**Exercise aim**. Return an exact copy of the data, starting at its first line and ending at the line that contains "Brick facade building", minus any pictures.

Short descriptive text snippets
───
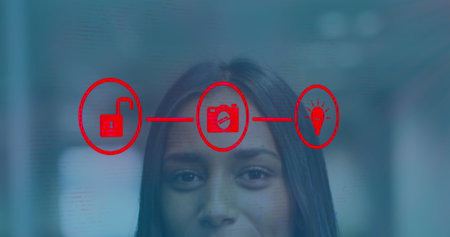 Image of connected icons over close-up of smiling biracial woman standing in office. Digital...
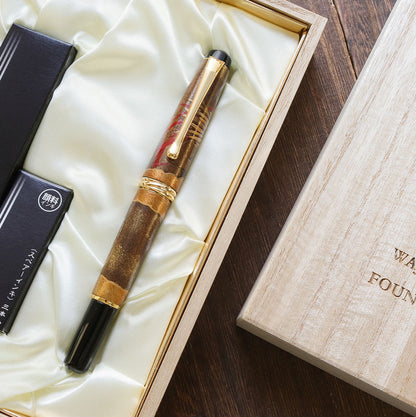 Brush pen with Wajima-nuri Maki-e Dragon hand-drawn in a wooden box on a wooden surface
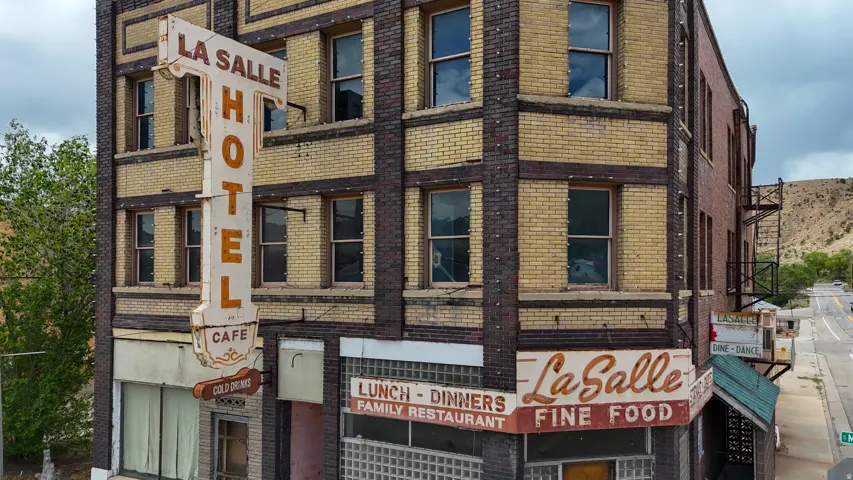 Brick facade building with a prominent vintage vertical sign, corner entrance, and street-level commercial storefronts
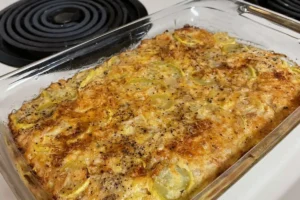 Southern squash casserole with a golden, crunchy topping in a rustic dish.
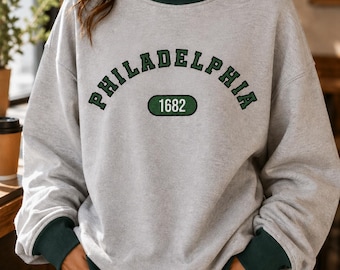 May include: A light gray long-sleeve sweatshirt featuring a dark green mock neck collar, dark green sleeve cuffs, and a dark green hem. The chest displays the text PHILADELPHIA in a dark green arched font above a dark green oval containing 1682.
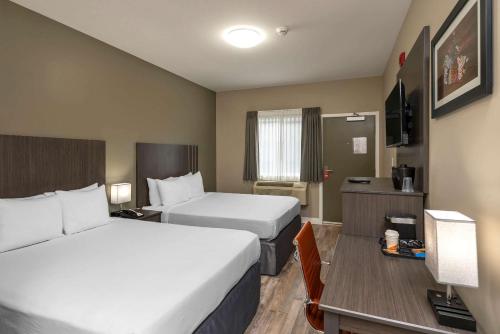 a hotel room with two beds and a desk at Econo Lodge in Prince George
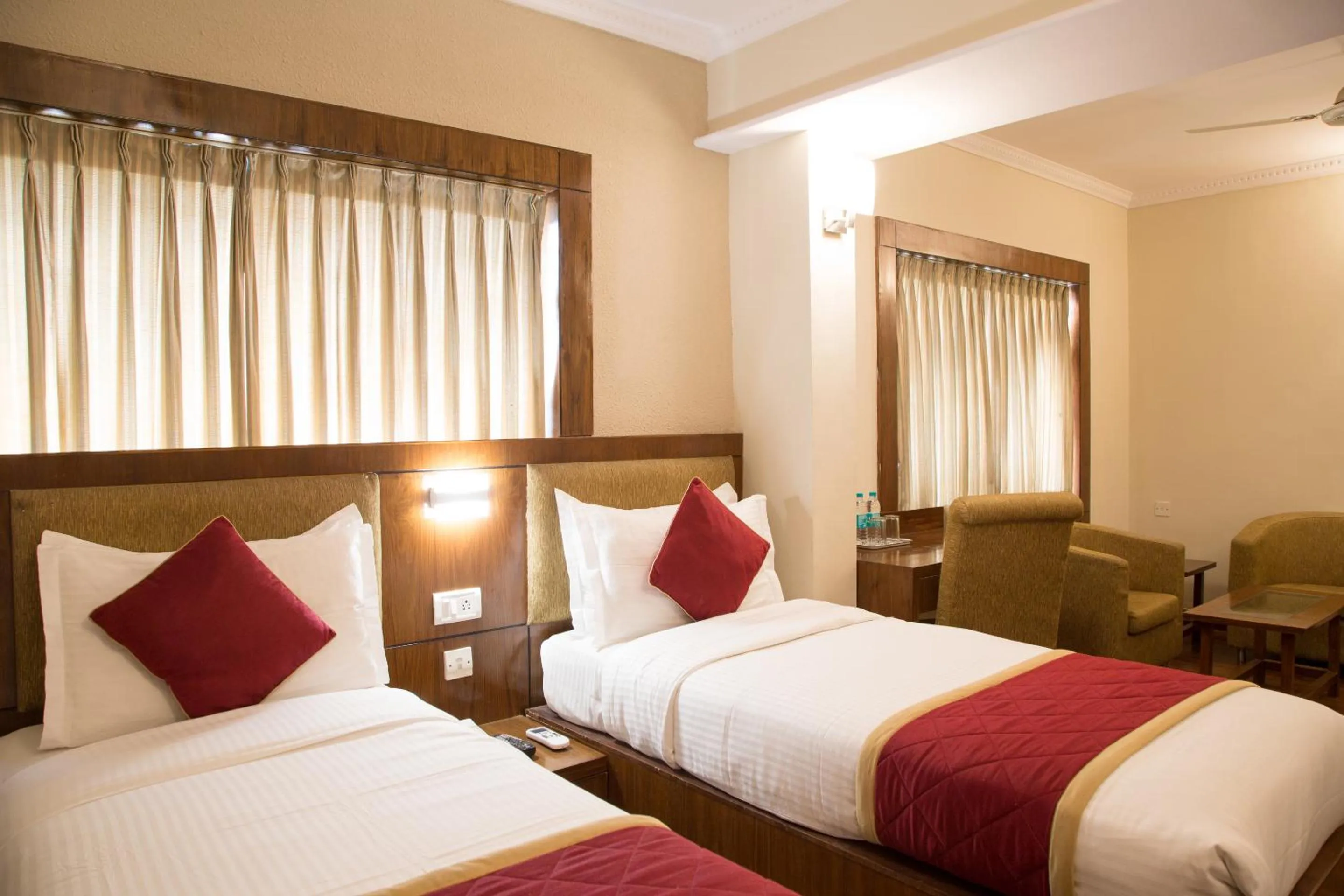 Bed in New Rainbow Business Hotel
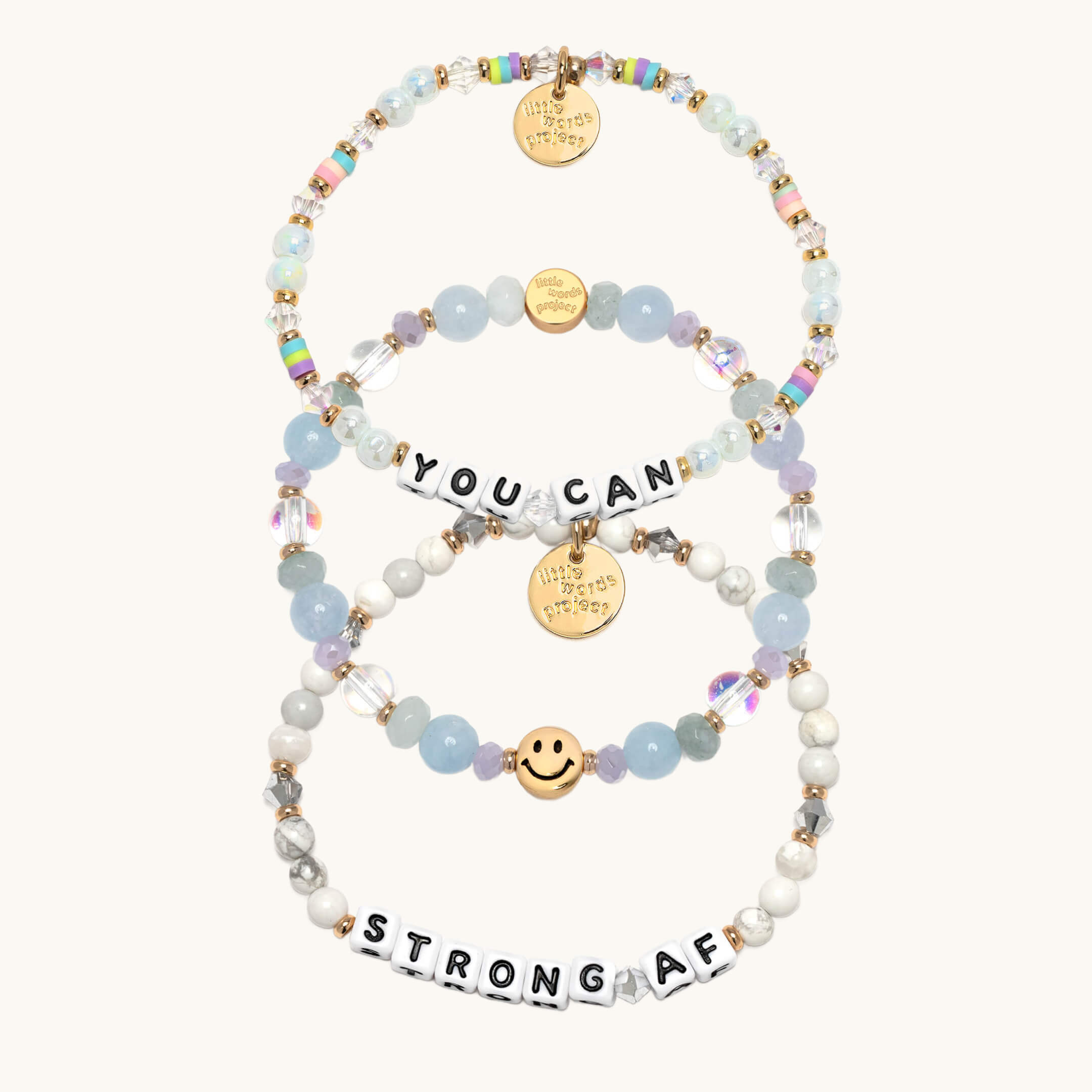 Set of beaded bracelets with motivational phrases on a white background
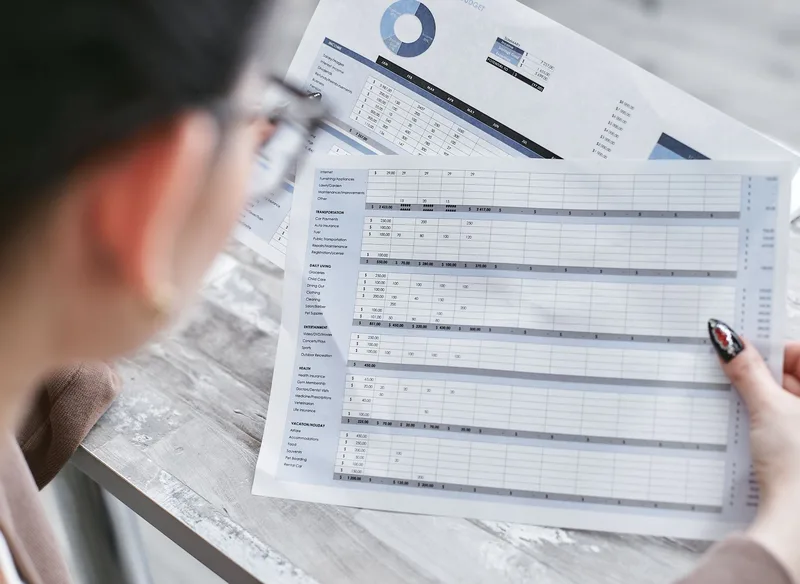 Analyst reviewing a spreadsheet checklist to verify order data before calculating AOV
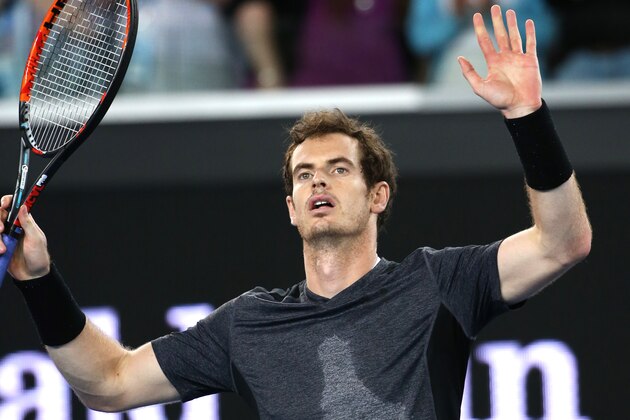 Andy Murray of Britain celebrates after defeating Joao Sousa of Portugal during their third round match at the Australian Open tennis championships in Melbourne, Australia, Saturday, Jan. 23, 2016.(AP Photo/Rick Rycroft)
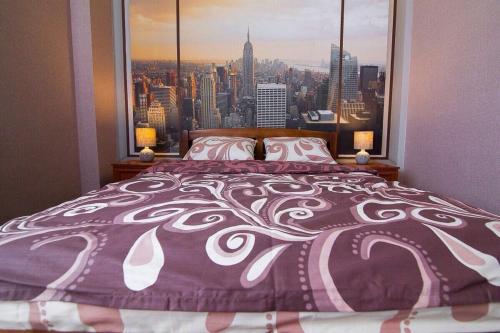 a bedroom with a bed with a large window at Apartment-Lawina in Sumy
───
**Solution to this exercise**.
 Image of connected icons over close-up of smiling biracial woman standing in office. Digital...
 Brush pen with Wajima-nuri Maki-e Dragon hand-drawn in a wooden box on a wooden surface
 Brick facade building with a prominent vintage vertical sign, corner entrance, and street-level commercial storefronts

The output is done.